Re: „Nie oddamy ani guzika”. Czy byliśmy gotowi do wojny❓ – cykl Geneza II wojny światowej

Post autor: Napoleon »

AdrianieM. Sprzeczaliśmy się co do tego czy II RP mogła zapobiec katastrofie 1939 roku, ewentualnie zrobić coś, co realnie mogłoby sprawić iż można by myśleć o jej uniknięciu.
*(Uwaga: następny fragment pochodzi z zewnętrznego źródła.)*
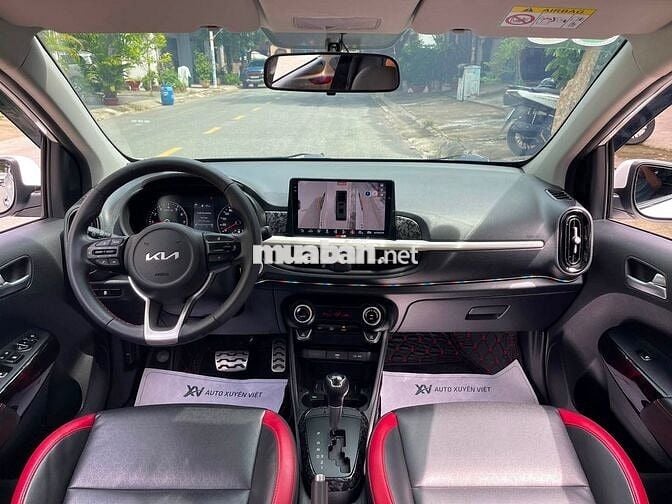 Kia Morning GT Line 1.2AT 2022 Trắng Tự động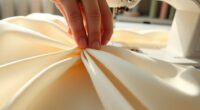 french pleat curtain sewing
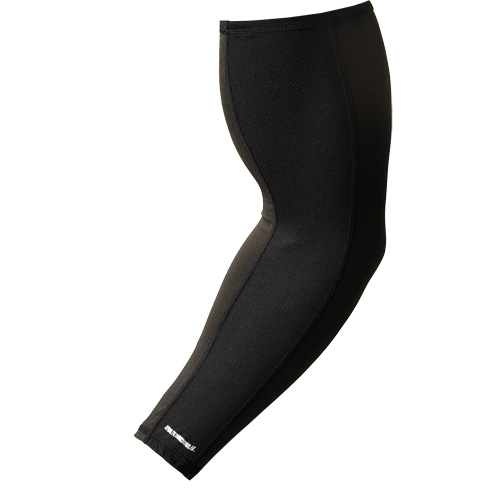 Chill-Its&reg; 6690 Cooling Arm Sleeves, 17", Polyester, Black Moffatt Supply & Specialties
Ty, jak rozumiem, twierdziłeś/twierdzisz, że coś takiego było możliwe, ja, że nie.
W dyskusji z twojej strony pojawił się w zasadzie tylko jeden pomysł - sojusz z Czechosłowacją. Odniosłem się do niego niejako dwupłaszczyznowo:
1) Był niemożliwy z racji postawy Czechów (co wyjaśniłem, aczkolwiek jest to wiedza powszechnie znana),
2) Nawet gdyby do niego hipotetycznie doszło, nie mógłby on nic zmienić. Klucz do naszego bezpieczeństwa leżał bowiem we Francji.
Wniosek z takiego rozumowania jest taki, iż paradoksalnie nasza dyplomacja w okresie międzywojennym prowadziła (tak przed jak i po 1926 roku) rozsądną i realistyczna politykę zagraniczną (uogólniam). Popełniano błędy (aczkolwiek przez różnych historyków te "błędy" są oceniane różnie - nie zawsze jako "błędy") nie miały one jednak wpływu na to co w ostatecznym rozrachunku zaszło. Po prostu - mieliśmy przechlapane.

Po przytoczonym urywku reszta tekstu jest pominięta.